Her first film, Promising Young Woman, was unafraid, perverse and thrilling and it’s the same with Saltburn. It’s Brideshead gone evil, some have said, with Tom Ripley vibes, and it is that — but Fennell is more daring than even Waugh or Highsmith. The audience gasped at certain points during the screening I attended. I was often watching though my fingers. It is fearless — and intoxicatingly so.

It is a dark satire about those who want in — and Oliver desperately wants in

The film opens at Oxford University and, as it’s 2006, it’s all Uggs and Juicy Couture (so that is our first horror right there). But I could take that, just about. That isn’t when I started watching though my fingers. It stars Barry Keoghan as Oliver Quick, a Northern boy on a scholarship, much derided by his better-off, somewhat caricatured peers. (“He buys his clothes from Oxfam,” one hisses.)

But as much as this is a dark satire about privilege it is also a dark satire about those who want in — and Oliver desperately wants in. He fixates on Felix Catton (Jacob Elordi), a fellow undergraduate who not only has the ease of old money but is also beautiful and adored and golden, always bathed in a shimmering light, like Armie Hammer in Call Me By Your Name.

Eventually, Felix invites Oliver to spend the summer at his family’s estate. Maybe it’ll go off without a hitch. Bit of croquet, swimming in the lake, not much to report? Fat chance. You know it’s going to be mad and feverish and depraved. But what you don’t know is who is being drawn into which web — and who has set a trap for whom.

The Catton family estate is called Saltburn (played magnificently by Drayton House in Northamptonshire). The camera fetishizes it, would lick it if it could. It’s the same with the amazing objects within, as well as the inhabitants. The close-ups are intense.

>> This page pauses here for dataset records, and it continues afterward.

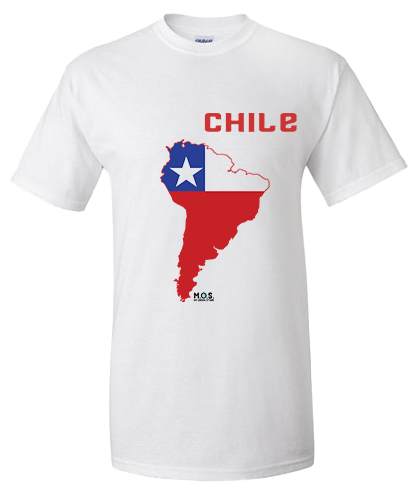 Men Chile Short Sleeve T-Shirt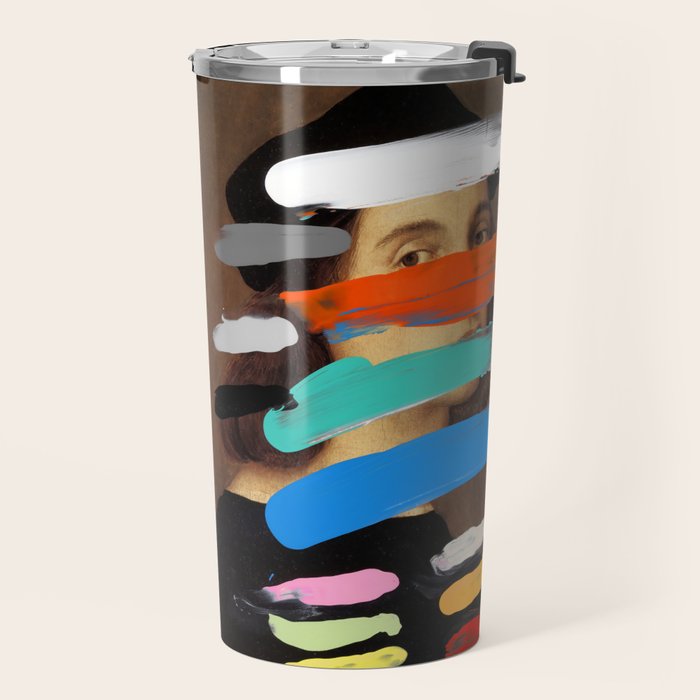 Composition 756 Travel Mug Gallery Image 2
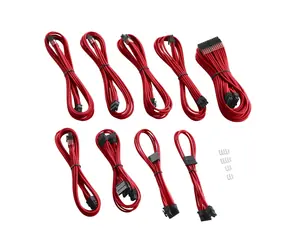 CableMod PRO ModMesh RT-Serie Kabelkits für Asus ROG & Seasonic - Rot
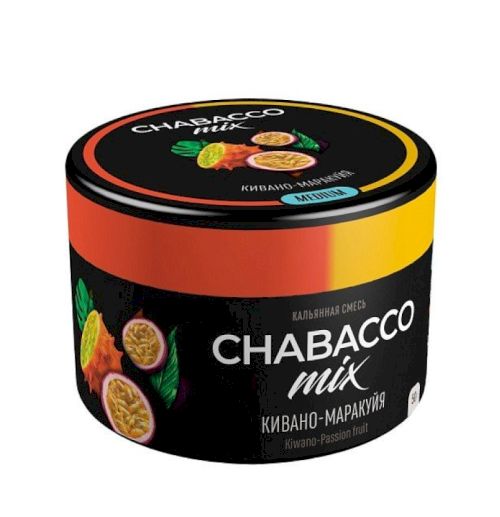 Chabacco 40 (Кивано-маракуйя)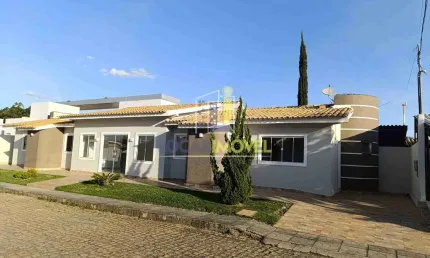 Casa de condomínio para venda e aluguel em boa vista de 230.00m² com 5 quartos, 4 suites e 3 garagens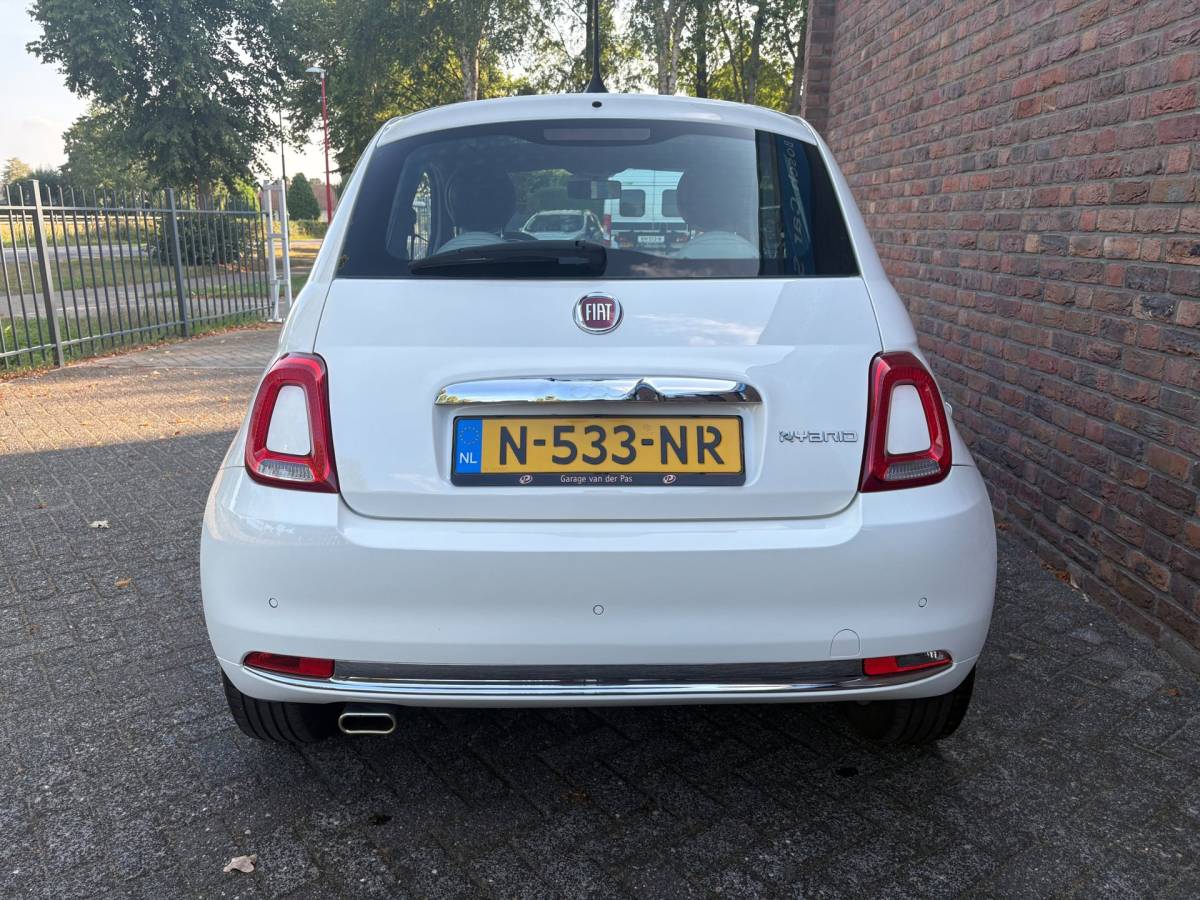 Fiat 500 Fiat 500 1.0 Hybrid Dolcevita|Carplay|Panoramadak|PDC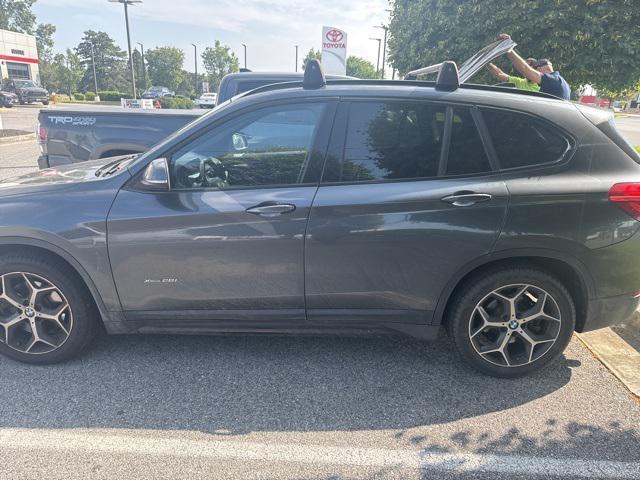 used 2017 BMW X1 car, priced at $13,684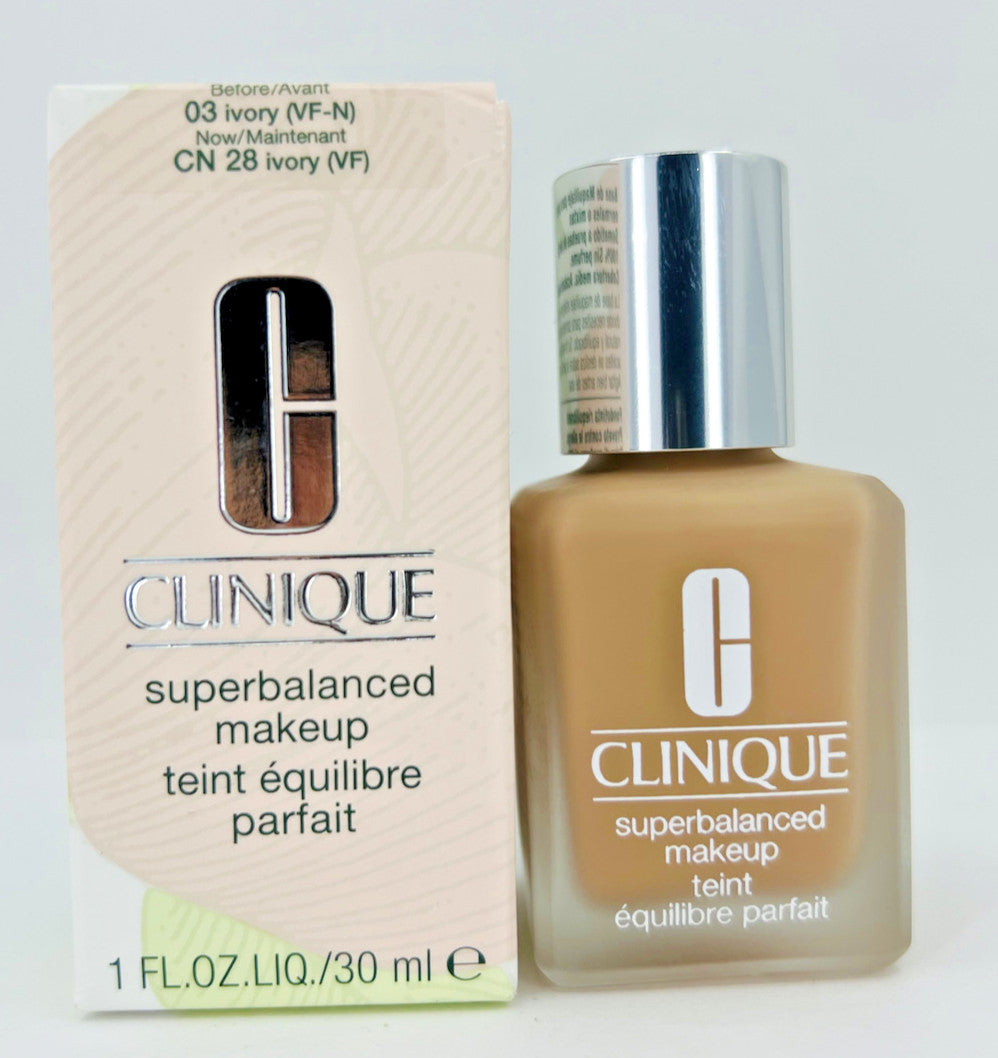 Clinique Superbalanced Makeup - Shade Selection - 1 fl oz / 30 mL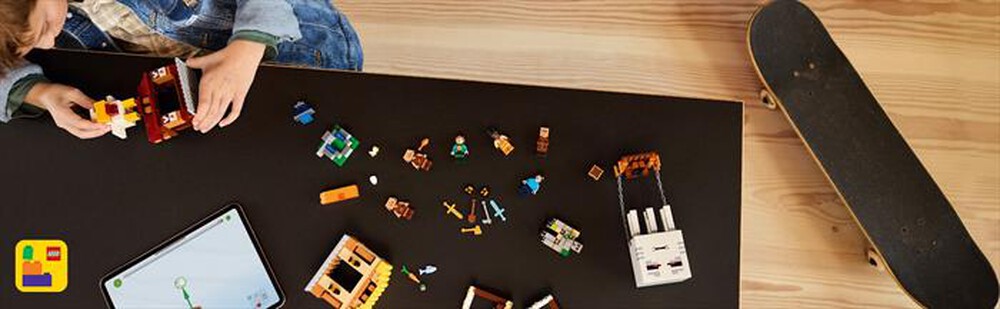 Immagine del prodotto LEGO - MINECRAFT Attacco al villaggio Ghast-pallone 21273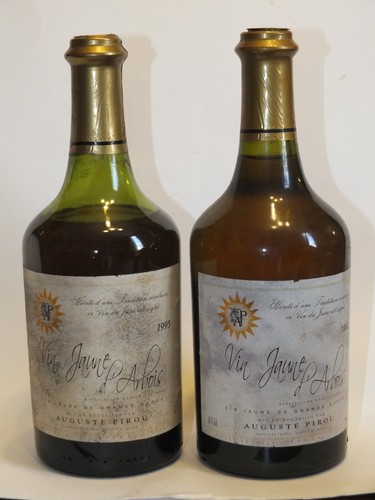 Bouteilles vin jaune - bouteilles,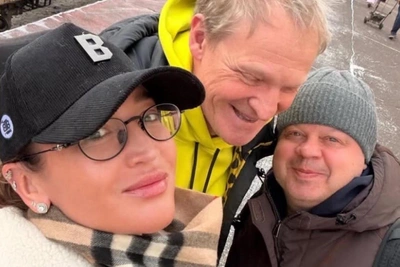 Olga Buzova Arrives in Yaroslavl for Theater Performance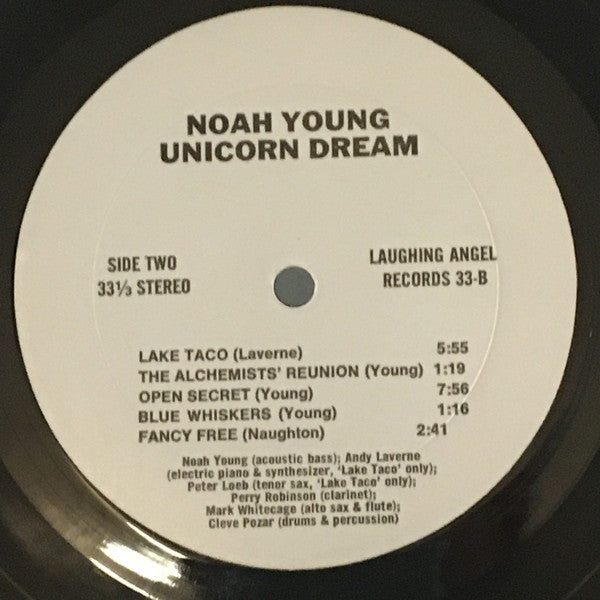 Noah Young (2) : Unicorn Dream (LP, Album)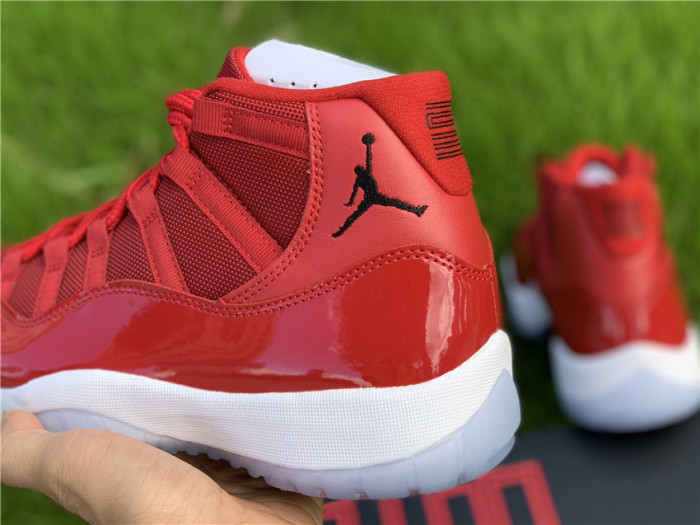  Arrenfashion Air Jordan 11 “Gym Red” 378037-623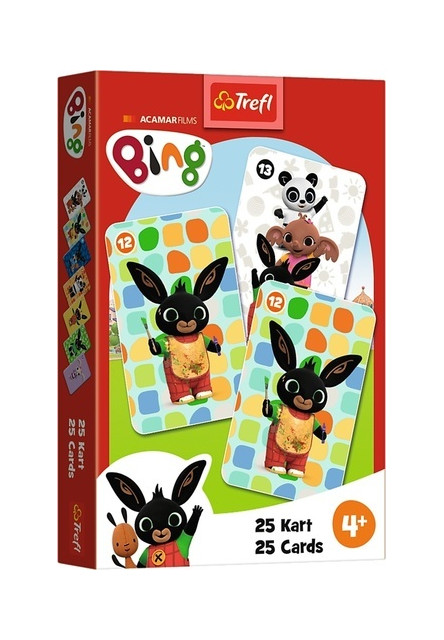 Trefl čierny Peter - Bing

I don’t think Keoghan has a pore I don’t know about. People, it seems, are also things to be possessed. The Catton family consists of Felix’s mother (Rosamund Pike, on terrific form, and very funny), his father (Richard E. Grant in all his pomp) and his mentally fragile sister (Alison Oliver, also excellent). Plus there is a vicious cousin (Archie Madekwe) and a terrific cameo from Carey Mulligan as “poor dear Pamela,” a hanger-on. Casual cruelty abounds. This is, at least initially, a tale of homoerotic obsession. Oliver would drink Felix’s bathwater — and does. (There’s rather more to it than that; it produced gasps from the audience, although these were nothing compared to the gasping at another scene in a graveyard.) But if Oliver can’t have Felix, can anyone else? As events cumulate, there’s jealousy, treachery, a sense of danger round every corner. And what else might Oliver covet, considering he’s so in thrall to power, wealth and beauty?

Keoghan, who stole The Banshees of Inisherin from under the noses of Colin Farrell and Brendan Gleeson, must now, surely, be well on the road to becoming one of the great actors of his time. He has a particular squinty-eyed charisma that is transfixing. His character journeys from one sort of person to another in a way that never seems false or contrived.

Saltburn may have nothing to say, ultimately, but neither does a roller coaster. You’re in it for the ride. As for the ending (and the very final scene, which will be talked about, a lot), it’s a killer. From what I could tell, watching though my fingers.